Doors not closed to Assad: Erdogan on Syrian Kurds

Turkish President said his Syrian counterpart agreed with him on denying the Kurds an autonomous rule.

ERBIL, Kurdistan Region (Kurdistan 24) - Turkey's President Recep Tayyip Erdogan implied that Ankara administration could meet with the government of his Syrian counterpart Bashar al-Assad whose departure from the power he demanded for years as an internationalized civil war in the latter's country raged on.

"In politics, the doors are open until the very last moment," Erdogan told members of the Turkish press when asked if Ankara was ready to work with the Assad regime against the Kurdish-ruled northern Syria.

Erdogan was on his way back from Russia's resort city of Sochi where he sat down in a tripartite summit with Assad's two primary backers, President Vladimir Putin and Iran's Hassan Rouhani on Wednesday to discuss a political solution for the six-years-long Syrian conflict.

"What may happen tomorrow is tied to the circumstances then.
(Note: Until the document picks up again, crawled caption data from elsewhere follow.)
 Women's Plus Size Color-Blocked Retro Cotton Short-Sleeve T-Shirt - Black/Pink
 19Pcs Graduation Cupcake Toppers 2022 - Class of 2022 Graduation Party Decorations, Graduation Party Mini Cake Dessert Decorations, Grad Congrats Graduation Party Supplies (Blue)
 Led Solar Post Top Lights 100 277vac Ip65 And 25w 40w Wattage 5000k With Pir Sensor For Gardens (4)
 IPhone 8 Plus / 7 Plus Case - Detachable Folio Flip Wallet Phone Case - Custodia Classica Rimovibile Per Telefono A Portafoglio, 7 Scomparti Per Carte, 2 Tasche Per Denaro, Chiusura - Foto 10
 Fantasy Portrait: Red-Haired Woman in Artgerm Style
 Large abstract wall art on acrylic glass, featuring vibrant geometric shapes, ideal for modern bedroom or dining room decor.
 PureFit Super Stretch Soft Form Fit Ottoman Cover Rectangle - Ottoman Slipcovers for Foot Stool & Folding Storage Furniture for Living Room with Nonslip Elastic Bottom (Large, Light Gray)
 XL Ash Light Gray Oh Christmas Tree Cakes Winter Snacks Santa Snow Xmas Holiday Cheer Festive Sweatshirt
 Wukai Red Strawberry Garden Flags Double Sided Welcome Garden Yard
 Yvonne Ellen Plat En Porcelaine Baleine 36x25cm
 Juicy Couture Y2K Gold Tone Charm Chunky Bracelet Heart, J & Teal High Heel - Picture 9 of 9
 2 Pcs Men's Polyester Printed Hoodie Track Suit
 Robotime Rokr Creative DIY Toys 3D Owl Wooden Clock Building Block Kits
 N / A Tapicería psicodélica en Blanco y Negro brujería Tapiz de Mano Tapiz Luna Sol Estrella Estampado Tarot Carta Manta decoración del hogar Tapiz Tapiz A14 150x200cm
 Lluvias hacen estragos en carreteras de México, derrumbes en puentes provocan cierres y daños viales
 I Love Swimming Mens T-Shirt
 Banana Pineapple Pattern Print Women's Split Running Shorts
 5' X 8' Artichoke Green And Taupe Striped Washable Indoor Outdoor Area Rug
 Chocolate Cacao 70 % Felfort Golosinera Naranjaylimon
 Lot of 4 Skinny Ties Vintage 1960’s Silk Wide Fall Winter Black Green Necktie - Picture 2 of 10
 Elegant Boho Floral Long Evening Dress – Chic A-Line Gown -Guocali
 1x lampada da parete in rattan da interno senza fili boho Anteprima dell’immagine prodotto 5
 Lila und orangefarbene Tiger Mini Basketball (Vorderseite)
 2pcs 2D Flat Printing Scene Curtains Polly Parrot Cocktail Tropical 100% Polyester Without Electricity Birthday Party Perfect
It is not right to rule out anything on this issue," he said of a possibility of reestablishing relations with Damascus.

He also revealed that Assad agreed with him on denying the militarily US-backed Kurds' aspirations for an autonomous region, citing Putin as the source.

Putin welcomed Assad in Sochi a day before he hosted Erdogan.

Turkey has for the most part of the Syrian war supported rebel factions dominated by Islamists who sought to topple Assad.

The shift to rapprochement with Damascus happens as the Kurds came to prominence during the war on the Islamic State (IS) group in Syria, making military and territorial gains as they allied with the US-led Coalition in defeating the Islamist militants.

Afrin, an isolated Kurdish enclave in northwestern Syria, was on top of his agenda during the Sochi summit, Erdogan said.

He said Turkey wanted to install observation points in Afrin controlled by the People's Protection Units (YPG), seeking approval from Russia that can exert influence on the Kurds.

For the second time this month, Erdogan claimed that 50 percent of Afrin was Arab which is an unverified statistics.

Erdogan and his Defense Minister have in the last several weeks escalated threats of invading Afrin.